**** The input

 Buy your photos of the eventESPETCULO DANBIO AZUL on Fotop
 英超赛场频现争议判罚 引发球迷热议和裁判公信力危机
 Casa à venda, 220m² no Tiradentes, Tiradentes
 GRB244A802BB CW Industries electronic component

********
**** The input

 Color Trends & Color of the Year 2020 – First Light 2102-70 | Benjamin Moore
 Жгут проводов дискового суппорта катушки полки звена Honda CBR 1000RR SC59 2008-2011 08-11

********
**** The input

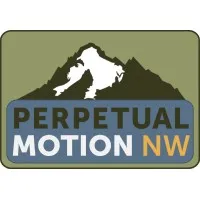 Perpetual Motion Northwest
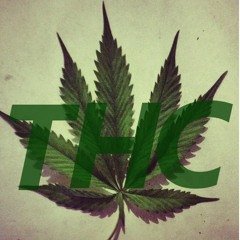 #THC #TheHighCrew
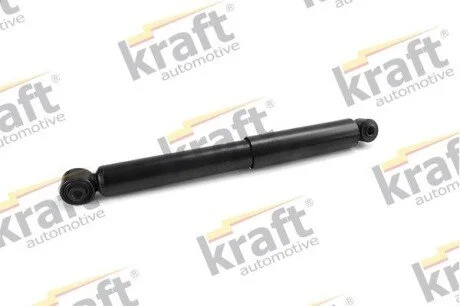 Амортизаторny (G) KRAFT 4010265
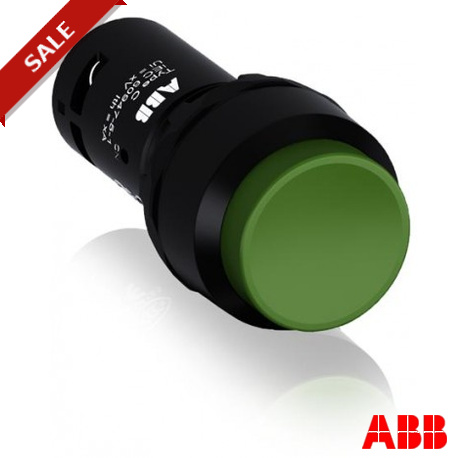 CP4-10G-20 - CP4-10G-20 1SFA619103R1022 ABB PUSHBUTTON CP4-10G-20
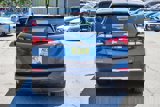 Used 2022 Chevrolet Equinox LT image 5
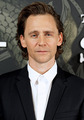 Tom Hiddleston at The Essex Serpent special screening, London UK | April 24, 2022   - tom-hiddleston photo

********

● **Task objective**:
Using the entries above, repeat only the lines from the one containing "Buy your photos" through the one containing "GRB244A802BB CW Industries", end lines included.

● **Task solution**:
 Buy your photos of the eventESPETCULO DANBIO AZUL on Fotop
 英超赛场频现争议判罚 引发球迷热议和裁判公信力危机
 Casa à venda, 220m² no Tiradentes, Tiradentes
 GRB244A802BB CW Industries electronic component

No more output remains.